As the United States renews tariff threats, European leaders are considering possible countermeasures, but targeting American services remains a high-stakes dilemma. Officials say striking at US services could hurt Washington more than tariffs on goods, yet it carries significant risks that could escalate trade tensions.
Since trade disputes with the US intensified last year, the EU has largely avoided targeting services, despite a €148 billion US trade surplus in these sectors in 2024. Access to European consumers is critical for American financial institutions and tech companies, making services an effective leverage point—but one that European officials approach cautiously.
EU leaders are scheduled to meet Thursday night to discuss a response to President Donald Trump’s latest tariff threats over Greenland. Diplomatic sources told Euronews that France, Germany, and Spain raised the option of using the EU’s anti-coercion instrument, a mechanism designed to counter economic pressure from third countries. The tool, never used before, would allow Europe to restrict licenses for US services or intellectual property rights, acting as a potential last-resort measure.
Other options discussed in the past include a tax on digital advertising revenues, floated by Commission President Ursula von der Leyen during previous tariff disputes.
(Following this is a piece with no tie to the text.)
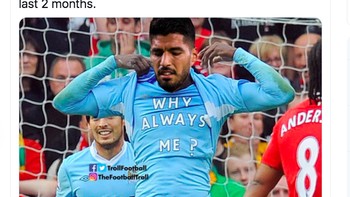 Jika Anda pikir hidup tidak adil, ingat saha Luis Suarez harus bermain lawan Bayern Munich dua kali dalam 2 bulan terakhir, tulis meme ini. Foto: istimewa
Such a move would target tech giants such as Meta, Google, and Facebook, which generate the bulk of their revenue from digital advertising.
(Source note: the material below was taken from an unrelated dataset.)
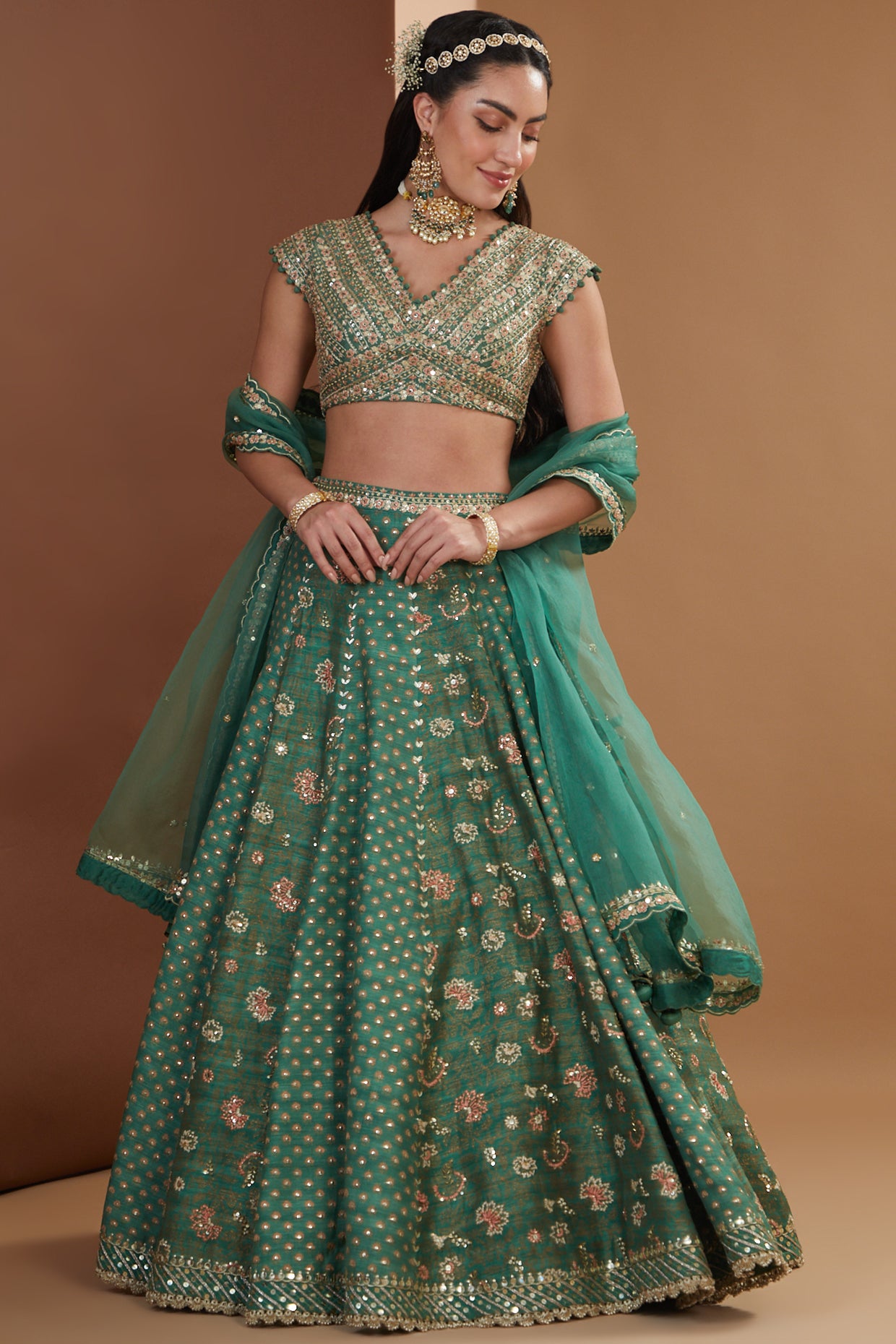 Green Silk Hand Embroidered Kalidaar Lehenga Set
Experts say the risks of striking at services go beyond political retaliation. “Hitting services has a greater potential impact, but it is less common than hitting goods with tariffs and could therefore be viewed as an escalation,” said Varg Folkman, a trade analyst at the European Policy Centre. “Tech and financial companies are powerful and have Trump’s ear. Targeting any of them would be a drastic action and make a lot of noise.”
Europe’s reliance on US services complicates matters. Core infrastructure, including cloud providers like Microsoft and Amazon Web Services, and payment systems such as Visa and Mastercard, is dominated by American firms. Blocking access could disrupt operations for EU businesses and consumers, leaving few domestic alternatives.
Instead of direct retaliation, Brussels can use existing competition and digital regulations. Measures such as the Digital Markets Act and Digital Services Act allow the European Commission to fine large tech companies for anti-competitive practices or failure to address illegal content. Folkman noted that the EU could step up enforcement on platforms such as X, pushing investigations or fines to exert pressure without triggering a full-scale trade war.
European officials stress that regulatory enforcement is non-discriminatory and applies equally to companies from all countries, aiming to balance pressure on US firms with wider market fairness. While goods remain the first line of response to US threats, services are on the table—but only as a carefully measured option.